Cellist Zoe Keating maximizes social networking to gain fans and make a profit


Having a Web presence is no longer a cute way to stay connected to fans. It has become the way a musician can feed, clothe, and shelter herself. Case in point: the “happily unsigned and independent” avant cellist Zoe Keating. “I bought my house with iTunes,” she told an audience last December at the SF MusicTech Summit.

Further Resources

Name: Zoe Keating
Hometown: Guelph, Ontario, Canada
Instrument: Cello
Quote: ‘I like performing at the craziest events—those things that were always the most unusual have benefited me the most.’

“I say, ‘Get out of your music ghetto.’”

At the conference, Keating—tall, fair, and hip with pink dreadlocks—sat on a panel that discussed how musicians can achieve online popularity. Her self-produced One Cello x 16: Natoma has spent time on iTunes as both No. 1 on the classical chart and No. 2 on the electronica chart.

Counting nearly 1.3 million followers on Twitter, Keating hasn’t just earned her seat on the panel, she’s leading the techie congregation. Her Web popularity has led to interviews with National Public Radio, the San Francisco Chronicle, Wired magazine, and NBC, and opened up a wealth of collaborative opportunities with leading artists, including electronic-music icon Imogen Heap.

The conference in San Francisco brought together artists and established Web developers from Twitter, Google, and Facebook, as well as other independents and start-ups, to not only gauge the online music experience, but to shape its future. At a time when the major music labels bemoan what’s become of the industry, this conference was brimming with optimism. “This is why I love technology conferences,” Keating says. “At other music conferences, they’re holding onto the crumbs of the past."

In short, Keating is what every independent string player needs to be—digitally enterprising. “As an independent musician, you have to do as much as possible in as many spheres as possible,” Keating says.

The Canadian-born, classically trained Keating began sphere hopping as soon as she left Sarah Lawrence College. Armed with a liberal arts degree with a concentration in music, she moved to San Francisco, where she picked up a job in the software industry during the dot-com bubble. “I had never turned on a computer before I came to San Francisco,” Keating says. “It was an industry that allowed liberal arts majors to have a job. I fit in along with everyone else—it was like a second education.”

At night, Keating performed in alternative-venue spaces—her favorite being a warehouse—plugging in and experimenting with different looping techniques. She also played for rock cello trio Rasputina, which she found online through the Internet Cello Society. Then Heap, after hearing Keating’s music on MySpace and ordering a CD, hired Keating as the opening act and accompanist during Heap’s international tour, which has since turned into five tours.

“For string players, we’re in a really great position,” Keating says. “Rock ’n’ roll and pop acts want string artists with them. String players can cover a lot of musical ground.
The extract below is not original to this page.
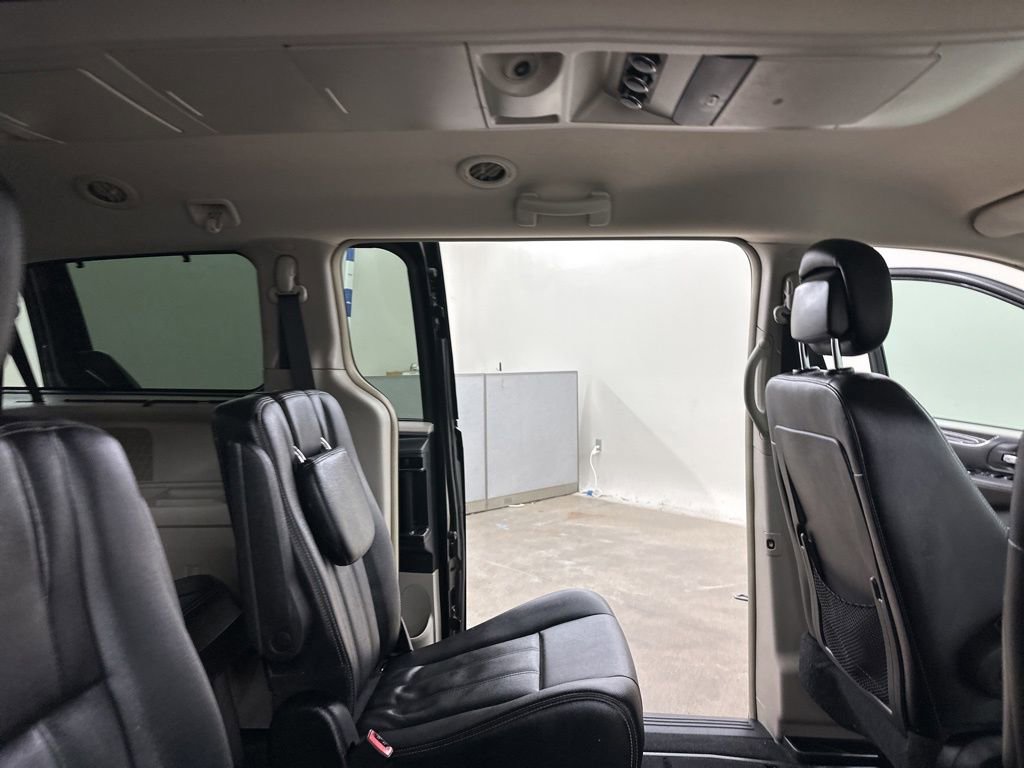 Used 2016 Chrysler Town & Country Touring image 23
You can add so much—a richness to the solo performer like [Heap]. It’s a rewarding thing to be doing because if you’ve been classically trained, it’s not hard to figure out.”

A few “strategically free” gigs, which didn’t offer money, also have paid off for Keating: the oddball concert in the desert that was picked up by NPR for a feature story, for instance, or a tech conference that included executives along with developers. “People at a tech conference may have never seen a live performance,” Keating says. “Corporate gigs [such as banquets] are pretty lucrative. And those people are going to be exposed to you because of that conference, and they’re going to able to picture you in their environment.”

That was certainly the case in December, when the San Francisco tech panel ended—Keating found herself surrounded by members of the audience and swamped with offers.